= Geoffrey Paxton =

The Reverend Geoffrey J. Paxton has been an ordained minister in the Anglican Church of Australia. He is a graduate of Australian College of Theology and the University of Queensland. He tutored in the history of Christian thought at the University of Queensland, and in Greek and New Testament studies in the Brisbane College of Theology. Paxton traveled extensively in the United States, Britain, South Africa, the Philippines and New Zealand lecturing in Reformation theology. He has also held classes on homiletics (preaching) for over a decade.

== Biography ==
Paxton served as the first resident minister at The Gap Anglican Church in Brisbane, and was principal of the Queensland Bible Institute (now Brisbane School of Theology) in Brisbane, Australia for 7 years.
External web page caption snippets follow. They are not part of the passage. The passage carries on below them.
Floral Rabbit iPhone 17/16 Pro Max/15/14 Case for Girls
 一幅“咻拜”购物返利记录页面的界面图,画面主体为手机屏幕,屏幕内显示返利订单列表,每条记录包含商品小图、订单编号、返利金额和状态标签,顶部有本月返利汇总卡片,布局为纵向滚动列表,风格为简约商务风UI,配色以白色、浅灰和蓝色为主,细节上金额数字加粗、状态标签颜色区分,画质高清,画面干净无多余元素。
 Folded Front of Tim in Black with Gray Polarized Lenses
The Maleny Anglican Parish Church bulletin for May 15, 2016 lists a Reverend Geoffrey Paxton as deceased that year; whether this is the same Paxton or not is uncertain.

=== Interaction with Adventists ===
Paxton has had significant interaction with the Seventh-day Adventist Church, and a "keen interest" in its theology. This began through his acquaintance with Robert Brinsmead, as both were critical of the charismatic movement. One source described the pair as "anti-Charismatic crusaders" after one meeting. They held public meetings supporting belief in justification by faith alone. Paxton contributed to Brinsmead's Present Truth Magazine.
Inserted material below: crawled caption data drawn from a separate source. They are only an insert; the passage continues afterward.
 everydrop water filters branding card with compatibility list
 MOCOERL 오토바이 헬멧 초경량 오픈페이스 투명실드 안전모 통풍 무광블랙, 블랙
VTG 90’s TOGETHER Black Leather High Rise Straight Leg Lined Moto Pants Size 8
He published The Shaking of Adventism in 1977, about the struggle within the Adventist church over what it means to be saved, and also over the nature of Christ. It evaluates the Adventist claim to being heirs of the Protestant Reformation. The title comes from the traditional concept in Adventism of a "shaking" time.

The Adventist magazine Spectrum devoted a special section to the book (see below). Also Adventist Richard Rice affirmed the book's review of past and then-present views of salvation in Adventism as "well informed and generally accurate", yet claims the standard by which Paxton compares Adventist views as "artificial". He says, "Paxton reads more into their claim to be heirs of the Reformation than most Adventists do," and "the Reformers themselves held that justification and sanctification are inseparable."

Paxton lost his job at the Bible school because of his association with Adventists, or as Desmond Ford puts it, "because of his refusal to lay aside his interest in the Adventist 'cult'."